BaFin mahnt zur Vorsicht bei zwielichtigen Wertpapier-Kaufangeboten und gibt Tipps für Anleger

Mittwoch, 15. Juli 2020


Erfolgreiche Intervention – BaFin reagiert auf dubiose Wertpapierkauf-Angebote. Im Januar dieses Jahres kursierten wieder einmal zwielichtige Kaufangebote am KMU-Anleihen-Markt – nicht das erste Mal. Im konkreten Fall versuchte ein gewisser Moritz Müller aus London die Anleihen von R-LOGITECH und Metalcorp zu deutlich unter Kursniveau liegenden Preisen abzuwerben und inserierte das Angebot im Bundesanzeiger. Dies hatte zahlreiche private Anleger verunsichert und zu Kursschwankungen bei besagten Bonds geführt.

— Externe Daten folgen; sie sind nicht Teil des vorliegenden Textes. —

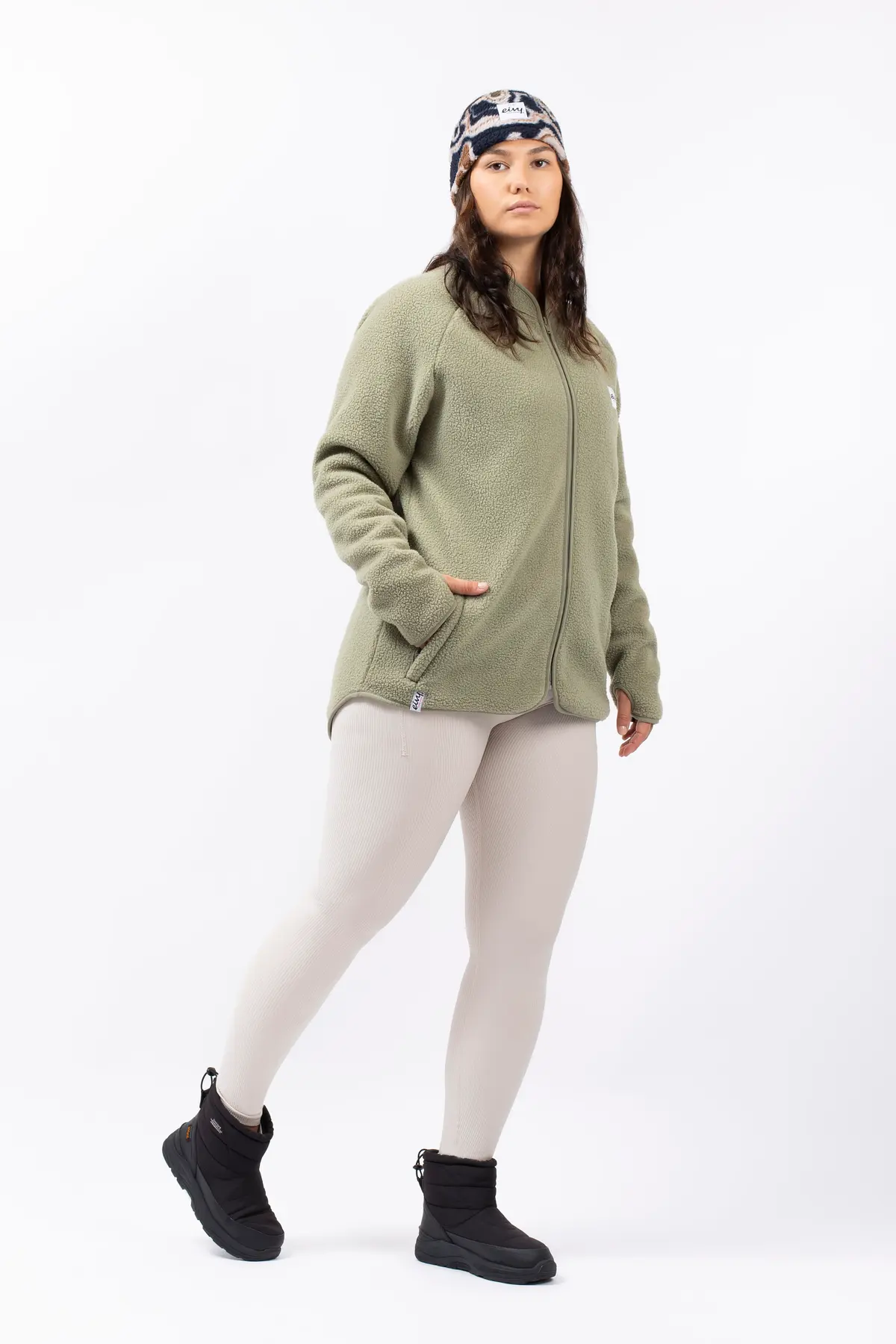 Redwood Sherpa Jacket - Faded Oak | L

Auch die Anleihen-Experten der KFM Deutsche Mittelstand AG erhielten die Angebote, da besagte Anleihen im von der KFM initiierten Portfolio des Deutschen Mittelstandsanleihen FONDS zu finden waren/sind. Die KFM reagierte mit einem Sondertelegramm an ihre Anleger und schaltete zugleich die Anwaltskanzlei mzs-Rechtsanwälte aus Düsseldorf ein. In einem gemeinsamen Schreiben an die Bundesanstalt für Finanzdienstleistungsaufsicht (BaFin) wurde am 20. Januar 2020 um eine Überprüfung der Vorgänge hinsichtlich der Marktmanipulation im Sinne der Marktmissbrauchsverordnung gebeten. Die BaFin hat nun reagiert.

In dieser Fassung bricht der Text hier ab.